Task objective:
What you give back from the listing below should be an exact copy of the lines from the one with "Act Fast V Neck Knit Mini Dress" down to the one with "Midi skirt with elasticated band", and it should contain no pictures.

Records supplied:
•••

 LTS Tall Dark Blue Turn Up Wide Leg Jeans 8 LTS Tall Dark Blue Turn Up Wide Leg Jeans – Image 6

•••

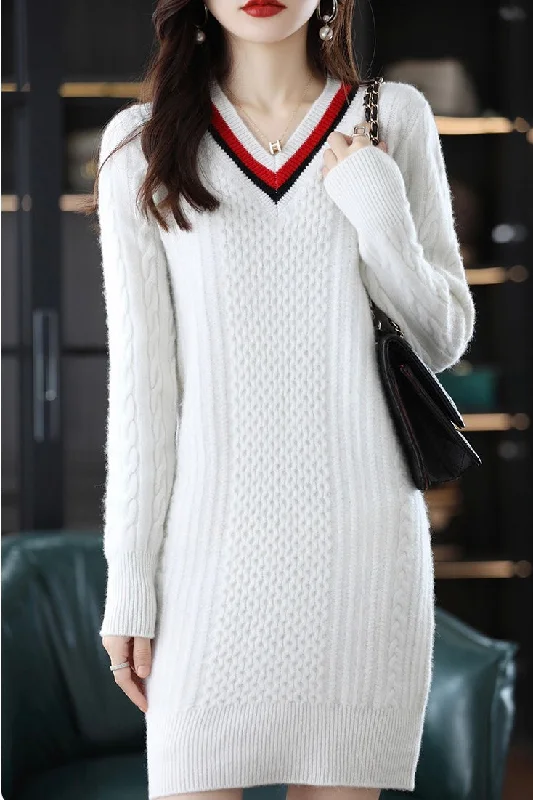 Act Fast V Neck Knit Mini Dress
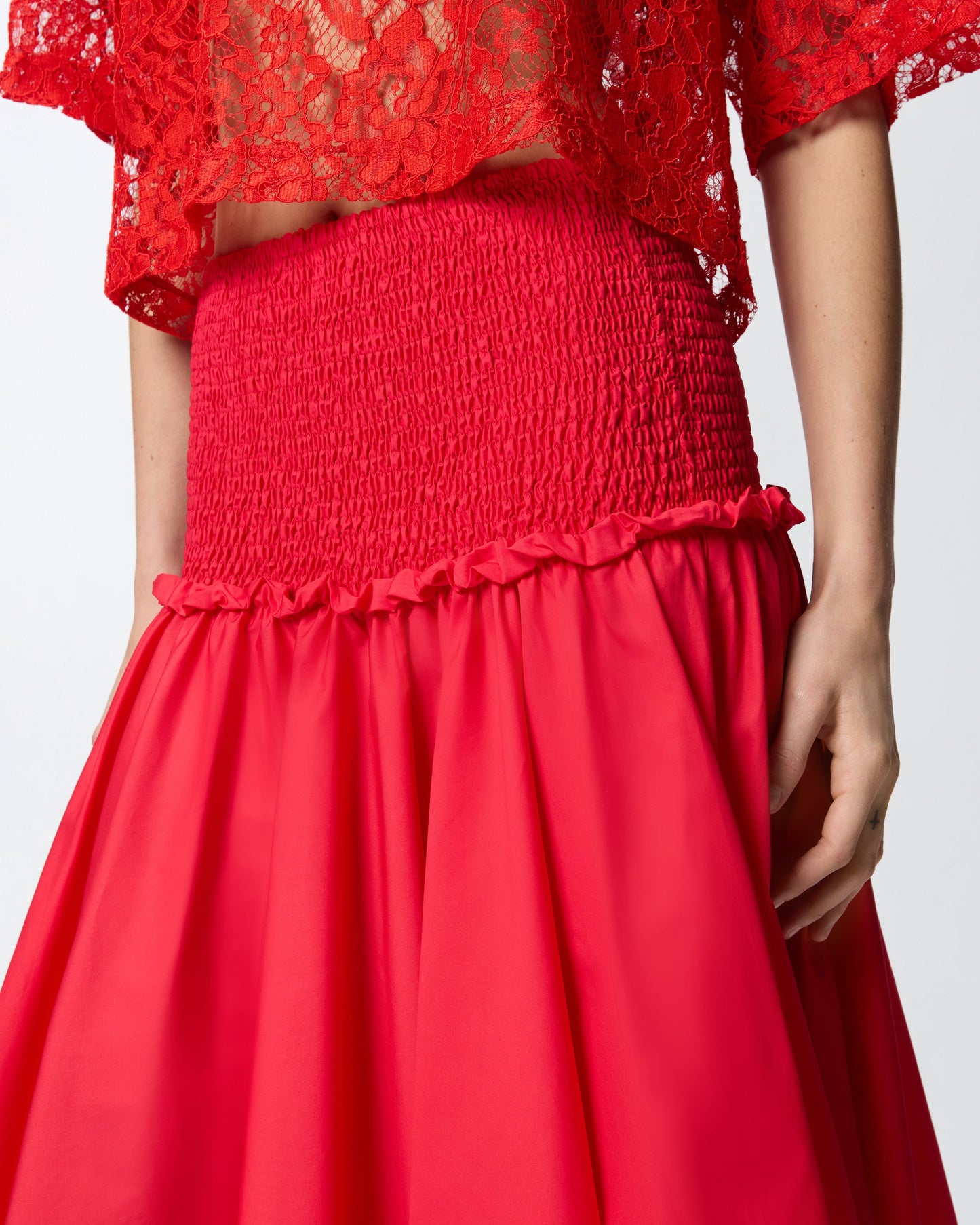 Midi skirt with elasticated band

•••

Result for this exercise:
 Act Fast V Neck Knit Mini Dress
 Midi skirt with elasticated band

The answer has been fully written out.